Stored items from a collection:
• • • • • • •
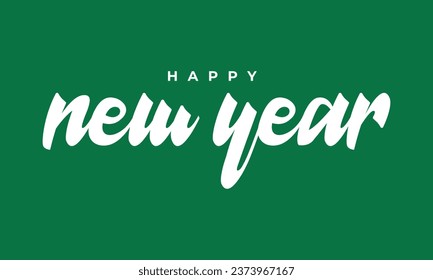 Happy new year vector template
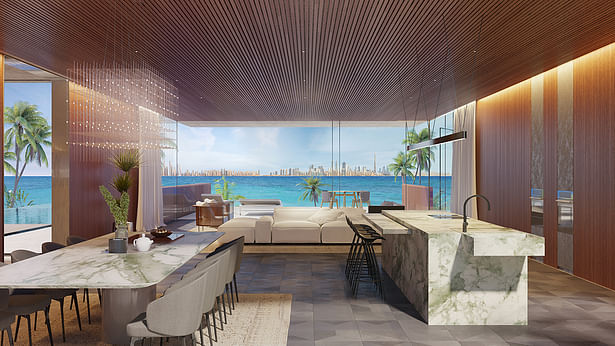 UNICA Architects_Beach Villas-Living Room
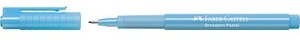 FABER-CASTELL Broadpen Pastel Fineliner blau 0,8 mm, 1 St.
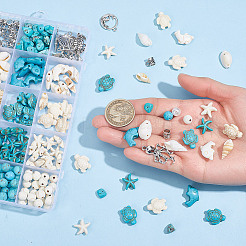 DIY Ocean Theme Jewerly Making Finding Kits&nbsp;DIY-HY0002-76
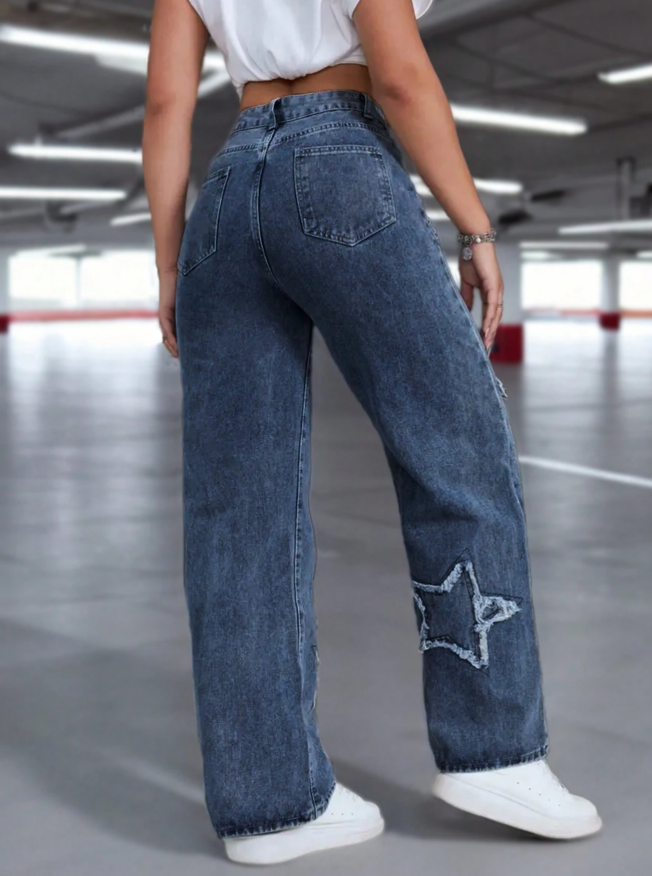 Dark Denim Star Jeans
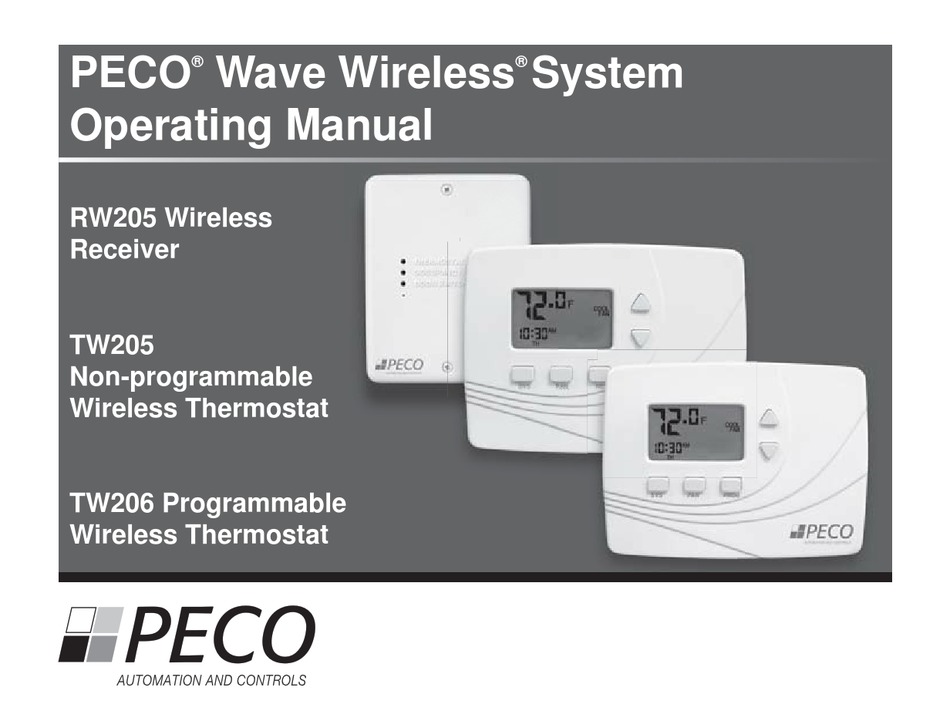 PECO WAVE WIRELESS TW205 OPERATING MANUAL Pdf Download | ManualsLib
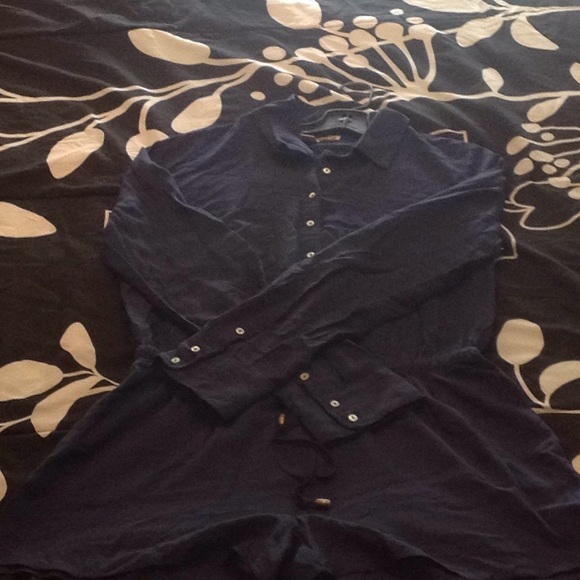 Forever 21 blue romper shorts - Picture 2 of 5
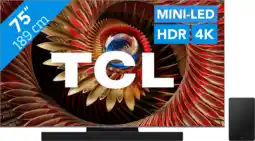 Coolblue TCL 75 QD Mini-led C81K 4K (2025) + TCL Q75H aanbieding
• • • • • • •
Print exactly the line containing "PECO WAVE WIRELESS" and every line after it through the final line above, and leave all pictures out.

 PECO WAVE WIRELESS TW205 OPERATING MANUAL Pdf Download | ManualsLib
 Forever 21 blue romper shorts - Picture 2 of 5
 Coolblue TCL 75 QD Mini-led C81K 4K (2025) + TCL Q75H aanbieding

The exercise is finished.